*Data entries*:
◆ ◆ ◆
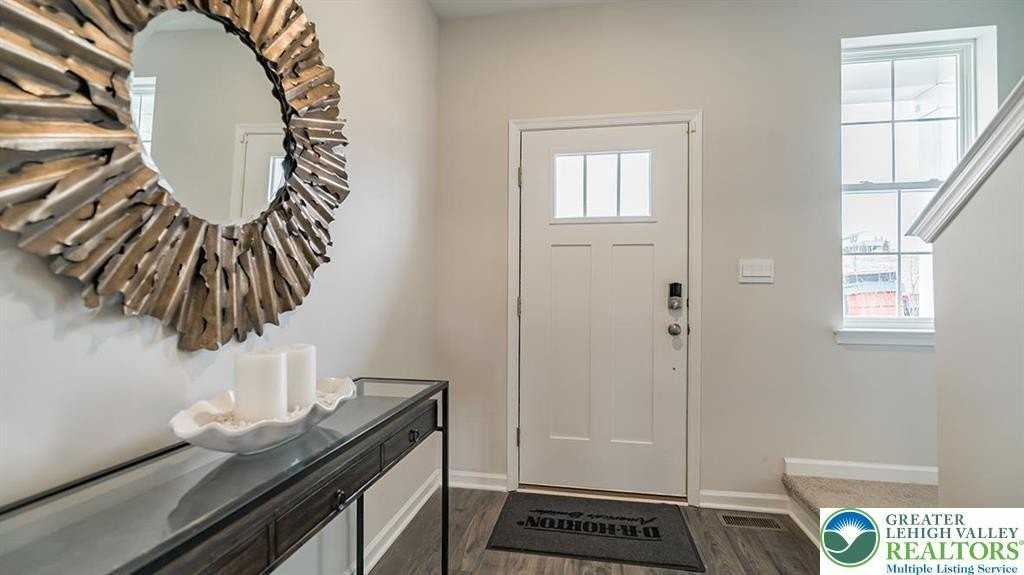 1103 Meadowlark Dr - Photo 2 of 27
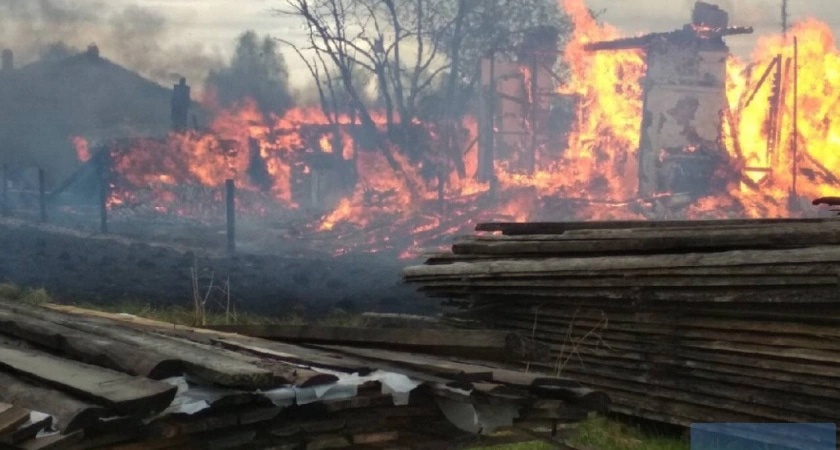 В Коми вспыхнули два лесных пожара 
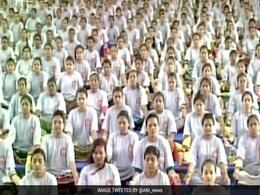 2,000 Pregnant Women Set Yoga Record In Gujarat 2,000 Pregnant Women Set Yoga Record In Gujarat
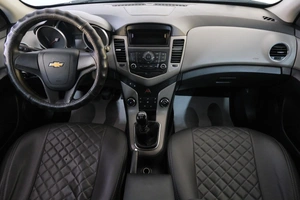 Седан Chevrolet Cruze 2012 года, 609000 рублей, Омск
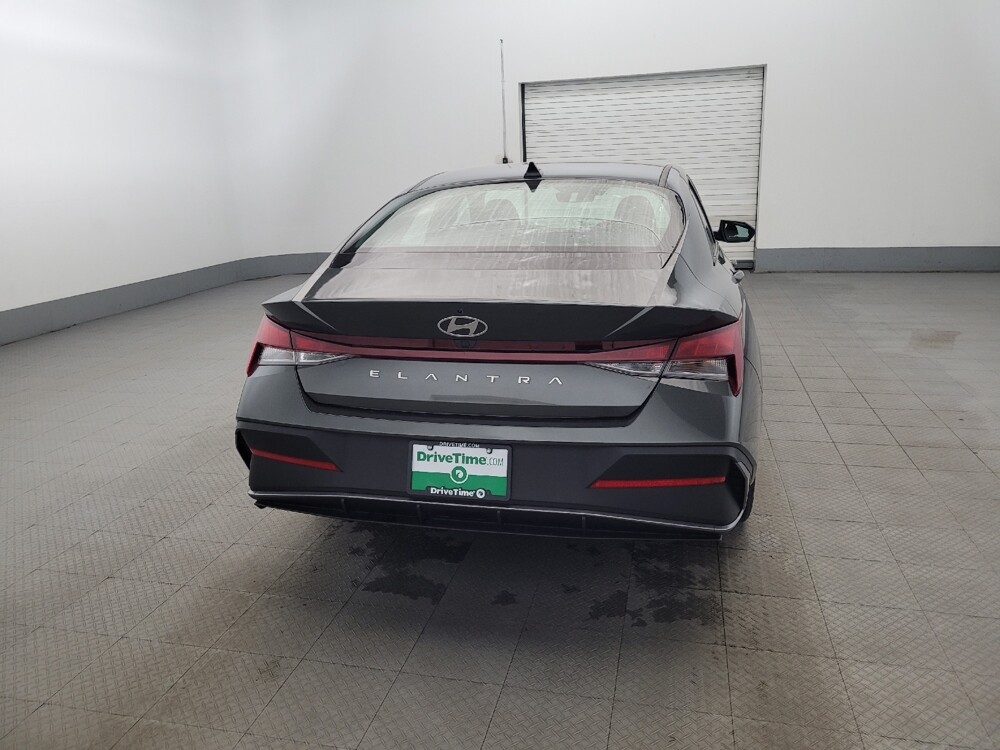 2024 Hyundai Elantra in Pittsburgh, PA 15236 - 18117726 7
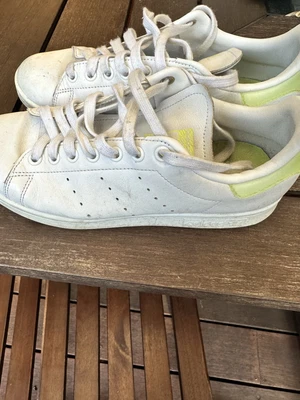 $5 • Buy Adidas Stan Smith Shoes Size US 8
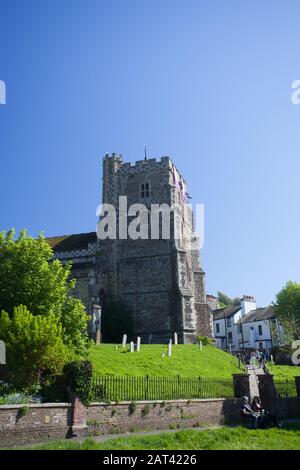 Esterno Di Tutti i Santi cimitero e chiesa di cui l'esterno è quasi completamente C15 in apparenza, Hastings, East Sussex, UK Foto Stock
◆ ◆ ◆
Would you retype each line above exactly and skip every image?

*EXERCISE RESULT*:
 1103 Meadowlark Dr - Photo 2 of 27
 В Коми вспыхнули два лесных пожара 
 2,000 Pregnant Women Set Yoga Record In Gujarat 2,000 Pregnant Women Set Yoga Record In Gujarat
 Седан Chevrolet Cruze 2012 года, 609000 рублей, Омск
 2024 Hyundai Elantra in Pittsburgh, PA 15236 - 18117726 7
 $5 • Buy Adidas Stan Smith Shoes Size US 8
 Esterno Di Tutti i Santi cimitero e chiesa di cui l'esterno è quasi completamente C15 in apparenza, Hastings, East Sussex, UK Foto Stock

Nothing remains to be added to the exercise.